WHAT TO PRODUCE: Using the entries that follow, transcribe only the lines from the line with "All right, so" to the line with "Alright folks, as", both included, exactly as they stand and without pictures.

========================================================================

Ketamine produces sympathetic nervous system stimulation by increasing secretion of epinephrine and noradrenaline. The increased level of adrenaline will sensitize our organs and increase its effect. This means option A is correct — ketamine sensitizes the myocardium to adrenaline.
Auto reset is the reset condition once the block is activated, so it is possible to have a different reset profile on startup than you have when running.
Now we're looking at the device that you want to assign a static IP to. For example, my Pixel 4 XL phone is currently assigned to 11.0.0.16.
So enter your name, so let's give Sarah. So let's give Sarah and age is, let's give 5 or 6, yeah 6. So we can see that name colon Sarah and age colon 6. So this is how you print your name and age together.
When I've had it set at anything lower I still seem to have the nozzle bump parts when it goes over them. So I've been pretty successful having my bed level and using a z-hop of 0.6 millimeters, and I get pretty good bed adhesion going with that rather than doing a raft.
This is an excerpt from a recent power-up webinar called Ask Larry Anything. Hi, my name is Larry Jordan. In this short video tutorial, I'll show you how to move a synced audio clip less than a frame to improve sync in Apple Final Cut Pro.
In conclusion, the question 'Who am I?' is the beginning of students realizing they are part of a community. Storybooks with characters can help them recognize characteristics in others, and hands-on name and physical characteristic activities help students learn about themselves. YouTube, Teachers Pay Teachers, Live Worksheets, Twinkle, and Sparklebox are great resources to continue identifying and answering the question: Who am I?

========================================================================

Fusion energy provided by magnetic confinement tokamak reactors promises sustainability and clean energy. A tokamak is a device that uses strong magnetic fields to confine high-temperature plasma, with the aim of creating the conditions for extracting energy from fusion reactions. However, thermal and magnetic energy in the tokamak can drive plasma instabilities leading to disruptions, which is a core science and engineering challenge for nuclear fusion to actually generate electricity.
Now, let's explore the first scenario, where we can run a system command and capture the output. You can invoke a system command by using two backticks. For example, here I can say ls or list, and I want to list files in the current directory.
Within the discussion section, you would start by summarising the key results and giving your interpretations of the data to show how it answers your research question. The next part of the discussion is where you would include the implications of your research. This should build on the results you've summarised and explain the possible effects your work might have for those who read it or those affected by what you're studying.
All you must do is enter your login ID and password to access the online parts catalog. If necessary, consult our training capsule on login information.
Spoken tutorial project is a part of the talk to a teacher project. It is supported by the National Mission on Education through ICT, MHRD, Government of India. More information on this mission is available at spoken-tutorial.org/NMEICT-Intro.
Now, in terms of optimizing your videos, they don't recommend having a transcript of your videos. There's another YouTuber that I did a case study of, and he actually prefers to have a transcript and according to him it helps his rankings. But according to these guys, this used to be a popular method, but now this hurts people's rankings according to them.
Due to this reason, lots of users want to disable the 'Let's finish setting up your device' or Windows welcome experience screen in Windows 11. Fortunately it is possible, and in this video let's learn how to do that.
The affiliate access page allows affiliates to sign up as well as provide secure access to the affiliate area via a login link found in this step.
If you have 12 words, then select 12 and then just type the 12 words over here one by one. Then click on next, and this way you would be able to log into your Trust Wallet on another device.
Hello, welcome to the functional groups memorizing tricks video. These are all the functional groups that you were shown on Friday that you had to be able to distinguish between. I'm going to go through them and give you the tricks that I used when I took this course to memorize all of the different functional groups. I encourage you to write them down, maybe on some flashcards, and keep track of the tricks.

========================================================================

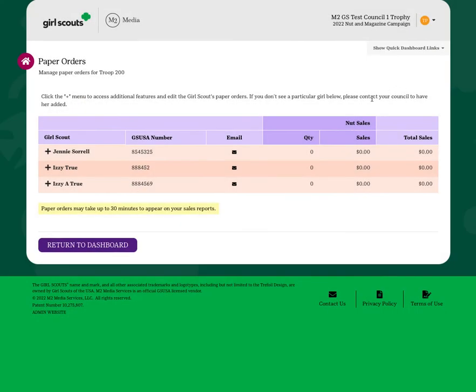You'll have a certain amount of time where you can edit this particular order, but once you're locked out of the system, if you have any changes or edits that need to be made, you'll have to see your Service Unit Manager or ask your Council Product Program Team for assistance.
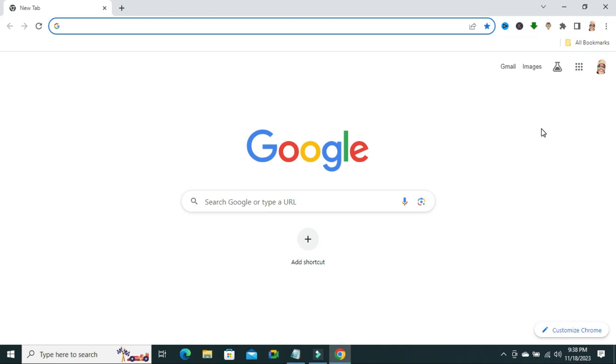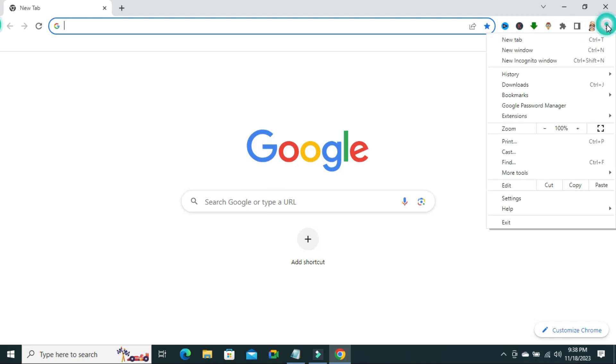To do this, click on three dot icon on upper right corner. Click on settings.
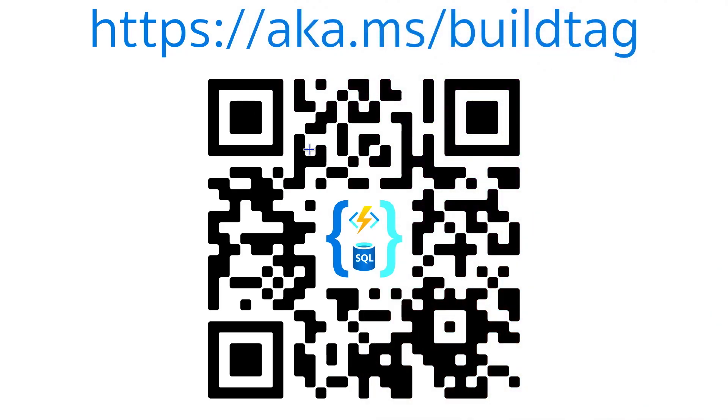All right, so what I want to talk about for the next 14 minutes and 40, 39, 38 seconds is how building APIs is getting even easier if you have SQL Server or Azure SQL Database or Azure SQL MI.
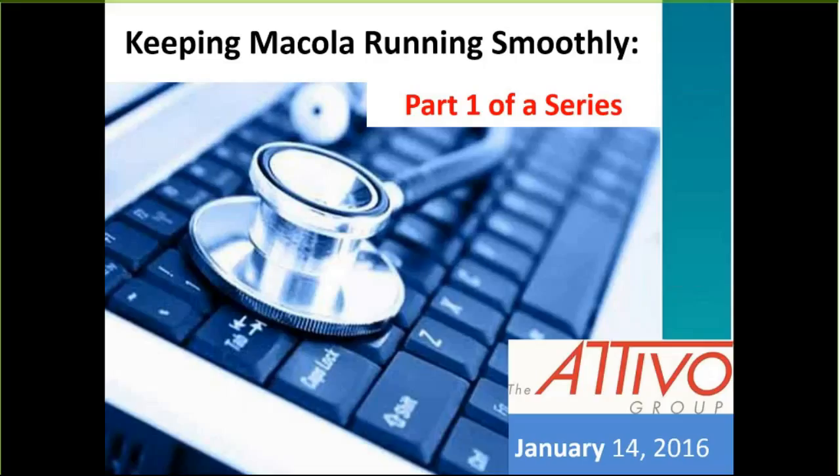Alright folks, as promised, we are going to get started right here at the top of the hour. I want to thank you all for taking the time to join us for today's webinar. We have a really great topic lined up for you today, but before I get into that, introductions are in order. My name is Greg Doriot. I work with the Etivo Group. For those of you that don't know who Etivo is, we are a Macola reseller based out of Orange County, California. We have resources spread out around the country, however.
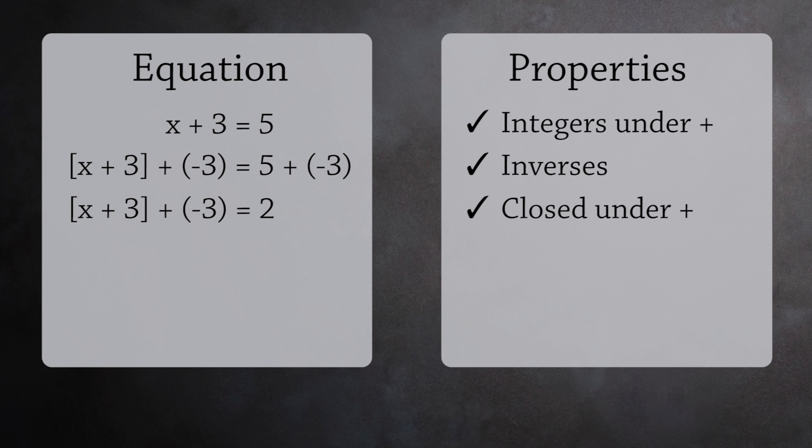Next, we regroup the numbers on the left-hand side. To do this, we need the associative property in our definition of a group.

========================================================================

RESPONSE:
All right, so what I want to talk about for the next 14 minutes and 40, 39, 38 seconds is how building APIs is getting even easier if you have SQL Server or Azure SQL Database or Azure SQL MI.
Alright folks, as promised, we are going to get started right here at the top of the hour. I want to thank you all for taking the time to join us for today's webinar. We have a really great topic lined up for you today, but before I get into that, introductions are in order. My name is Greg Doriot. I work with the Etivo Group. For those of you that don't know who Etivo is, we are a Macola reseller based out of Orange County, California. We have resources spread out around the country, however.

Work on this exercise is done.